> **RECORDS SHOWN**
--*--
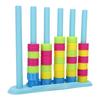 Color Matching Stacking Puzzle Game Educational Wooden Color Match Challenge Game for Kids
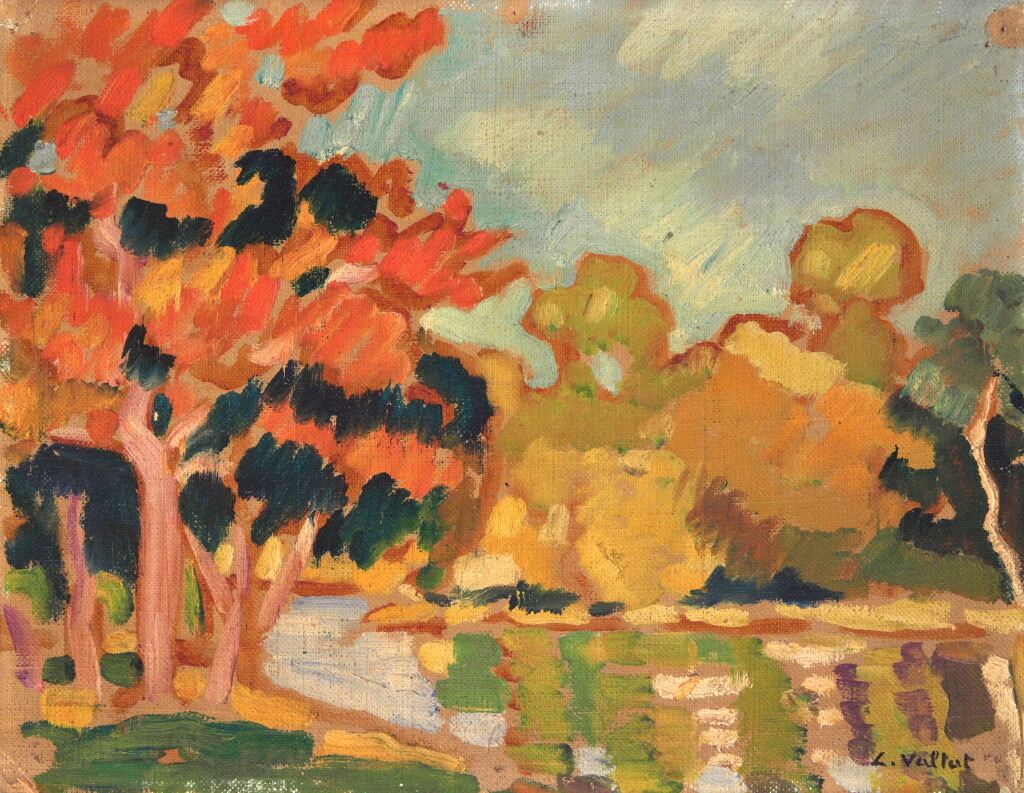 View full screen - View 1 of Lot 2198. Le Bois de Boulogne.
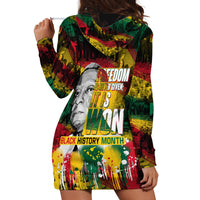 Freedom Is Never Given It Is Won Hoodie Dress Asa Philip Randolph - Wonder Print Shop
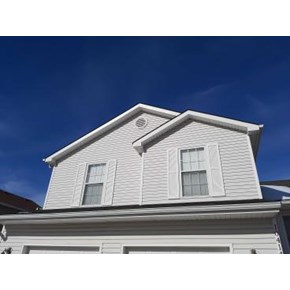 Replace metal fascia - After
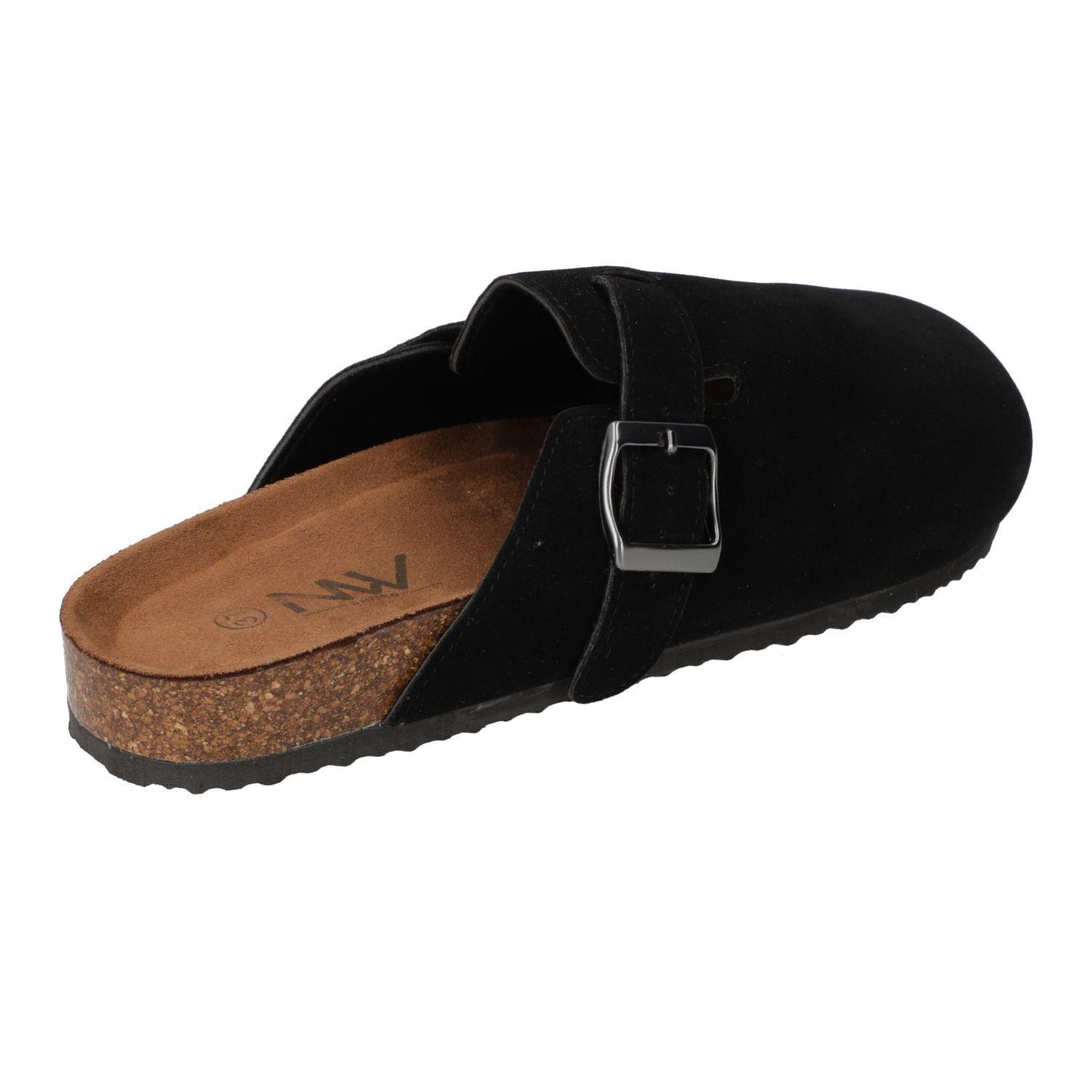 Babucha New Walk Negro 15321-3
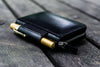 Galen Leather EDC Wallet in Black Pen Cases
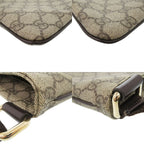 Gucci GG Supreme Beige Shoulder Bag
--*--
Reproduce exactly, and only, the lines from the one holding "Babucha New Walk Negro 15321-3" through the final line of the entries. Do not include the pictures.

> **ANSWER TO THE PROBLEM**
 Babucha New Walk Negro 15321-3
 Galen Leather EDC Wallet in Black Pen Cases
 Gucci GG Supreme Beige Shoulder Bag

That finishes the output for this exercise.